Given data:
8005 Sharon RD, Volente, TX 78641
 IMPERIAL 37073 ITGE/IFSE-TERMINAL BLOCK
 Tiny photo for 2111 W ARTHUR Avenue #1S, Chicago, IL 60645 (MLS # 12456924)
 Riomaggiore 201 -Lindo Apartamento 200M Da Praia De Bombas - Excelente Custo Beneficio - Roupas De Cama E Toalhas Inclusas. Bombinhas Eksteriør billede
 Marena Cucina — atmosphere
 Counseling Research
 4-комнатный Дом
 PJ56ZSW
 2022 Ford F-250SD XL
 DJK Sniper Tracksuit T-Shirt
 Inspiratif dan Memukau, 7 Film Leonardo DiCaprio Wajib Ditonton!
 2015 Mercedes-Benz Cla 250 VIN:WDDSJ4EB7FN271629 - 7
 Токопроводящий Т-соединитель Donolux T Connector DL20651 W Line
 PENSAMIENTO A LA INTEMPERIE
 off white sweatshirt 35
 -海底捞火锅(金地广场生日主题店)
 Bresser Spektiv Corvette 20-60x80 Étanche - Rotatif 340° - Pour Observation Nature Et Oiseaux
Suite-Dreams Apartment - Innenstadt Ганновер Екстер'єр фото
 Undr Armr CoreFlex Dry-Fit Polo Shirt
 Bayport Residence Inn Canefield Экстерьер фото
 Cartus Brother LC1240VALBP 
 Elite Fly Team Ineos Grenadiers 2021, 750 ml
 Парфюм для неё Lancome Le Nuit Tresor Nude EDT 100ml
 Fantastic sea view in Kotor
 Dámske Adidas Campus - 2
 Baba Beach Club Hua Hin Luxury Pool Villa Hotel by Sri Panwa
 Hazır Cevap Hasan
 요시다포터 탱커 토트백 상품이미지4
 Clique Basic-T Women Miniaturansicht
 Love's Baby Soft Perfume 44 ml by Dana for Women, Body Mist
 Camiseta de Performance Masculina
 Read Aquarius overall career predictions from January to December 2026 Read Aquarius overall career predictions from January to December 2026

Work order:
Within the material above, copy exactly the lines from the line that holds "Fantastic sea view in Kotor" up to and including the line that holds "Love's Baby Soft".

Written answer:
 Fantastic sea view in Kotor
 Dámske Adidas Campus - 2
 Baba Beach Club Hua Hin Luxury Pool Villa Hotel by Sri Panwa
 Hazır Cevap Hasan
 요시다포터 탱커 토트백 상품이미지4
 Clique Basic-T Women Miniaturansicht
 Love's Baby Soft Perfume 44 ml by Dana for Women, Body Mist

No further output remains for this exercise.